▶ _TASK DETAILS_
Please, without any pictures, set down exactly the part of the listing below that opens with the line containing "Tubo Flexible Aspirador Fagor" and closes with the line containing "Renault Megane Sporter".

▶ _MATERIAL SHOWN_
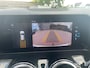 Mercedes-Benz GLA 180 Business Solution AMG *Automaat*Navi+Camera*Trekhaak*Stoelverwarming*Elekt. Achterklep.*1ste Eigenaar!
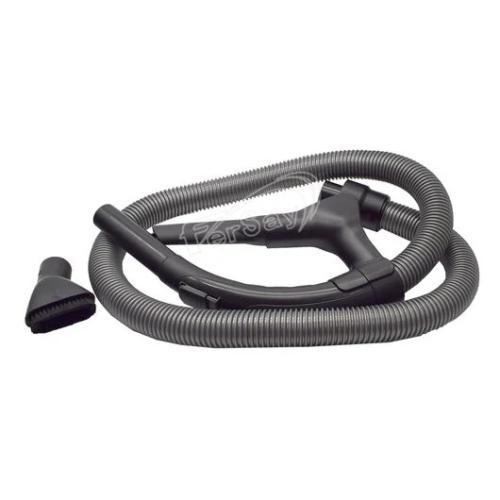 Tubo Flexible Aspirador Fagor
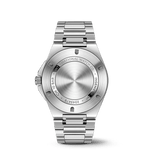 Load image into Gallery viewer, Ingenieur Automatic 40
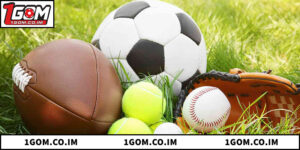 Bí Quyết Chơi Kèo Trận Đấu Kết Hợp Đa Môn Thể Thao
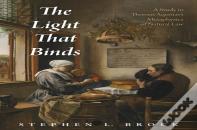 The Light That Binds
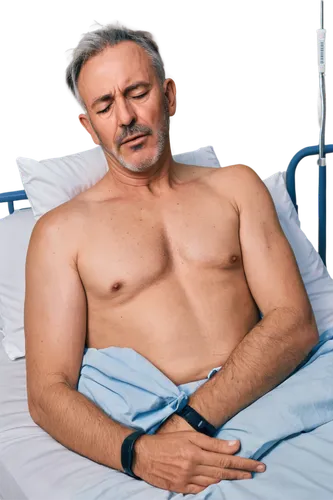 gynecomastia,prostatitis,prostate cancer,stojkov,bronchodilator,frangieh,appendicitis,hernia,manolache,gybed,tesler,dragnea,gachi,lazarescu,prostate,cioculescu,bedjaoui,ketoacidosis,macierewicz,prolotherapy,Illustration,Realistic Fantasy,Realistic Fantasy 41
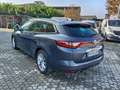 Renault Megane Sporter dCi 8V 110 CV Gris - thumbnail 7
* * *
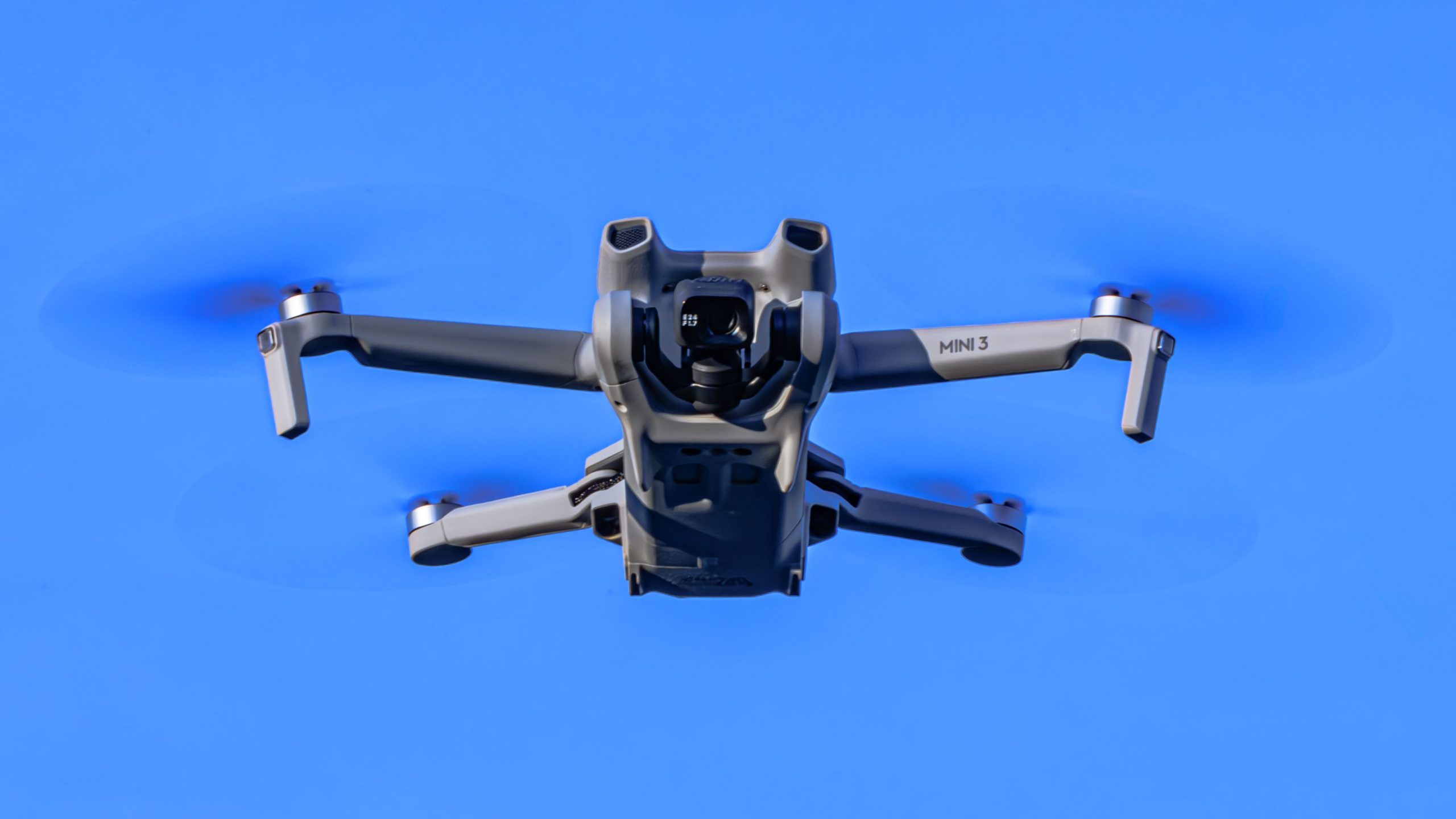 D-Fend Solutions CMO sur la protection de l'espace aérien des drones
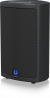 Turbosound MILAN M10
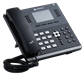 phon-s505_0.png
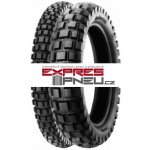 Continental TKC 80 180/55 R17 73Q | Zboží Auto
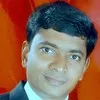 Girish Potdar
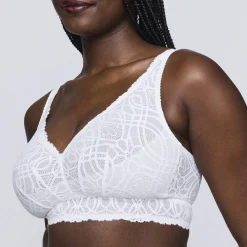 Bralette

▶ _SOLUTION TO THE PROBLEM_
 Tubo Flexible Aspirador Fagor
 Load image into Gallery viewer, Ingenieur Automatic 40
 Bí Quyết Chơi Kèo Trận Đấu Kết Hợp Đa Môn Thể Thao
 The Light That Binds
 gynecomastia,prostatitis,prostate cancer,stojkov,bronchodilator,frangieh,appendicitis,hernia,manolache,gybed,tesler,dragnea,gachi,lazarescu,prostate,cioculescu,bedjaoui,ketoacidosis,macierewicz,prolotherapy,Illustration,Realistic Fantasy,Realistic Fantasy 41
 Renault Megane Sporter dCi 8V 110 CV Gris - thumbnail 7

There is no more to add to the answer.